In an official statement, Ansari said, “While the overall impact will still have to be evaluated in some time, we will be forced to redraw our plans for the Indian market based on future projections in this scenario.”

“The taxes on this industry are already very high and this increase in cess rate will be detrimental to the luxury car industry as we will be forced to hike our prices to levels higher than pre-GST period.”

The Union Cabinet chaired by Prime Minister Narendra Modi, on Wednesday (30 August), has given its approval to the proposal of the Finance Ministry to promulgate an ordinance to suitably amend the Goods and Services Tax (Compensation to States) Act, 2017.

The approval would allow to increase the maximum rate at which the Compensation Cess can be levied from 15 per cent to 25 per cent on luxury and large vehicles.

The issue regarding the increase in effective rate of Compensation Cess on motor vehicles will be examined by the GST Council in due course.

The luxury car industry in India, while small in volumes, still contributes over 10 percent in value.

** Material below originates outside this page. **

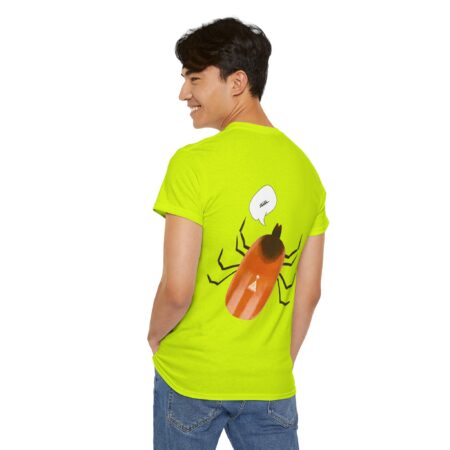 I Love Going to Smith Lake - Tick T-Shirt - Image 12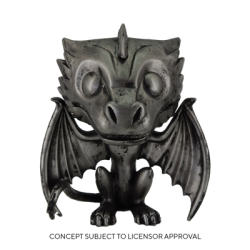 Pop Tv: Got- Drogon (Iron) Pop Tv: Got- Drogon (Iron)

While the segment definitely needs more positive initiatives from the government to be able to deliver a bigger contribution to the Indian economy, this scenario is clearly a setback.

Ansari added, “We request the GST Council to carefully evaluate the negative impact on this and, if a decision is taken on a 10 per cent cess increase, postpone the implementation for another 6-12 months to evaluate the real impact of the GST on the automobile sector, in particular the luxury segment.”

“This will surely prove that the overall effect with a lower cess percentage of 15 per cent is generating higher tax revenues than expected.”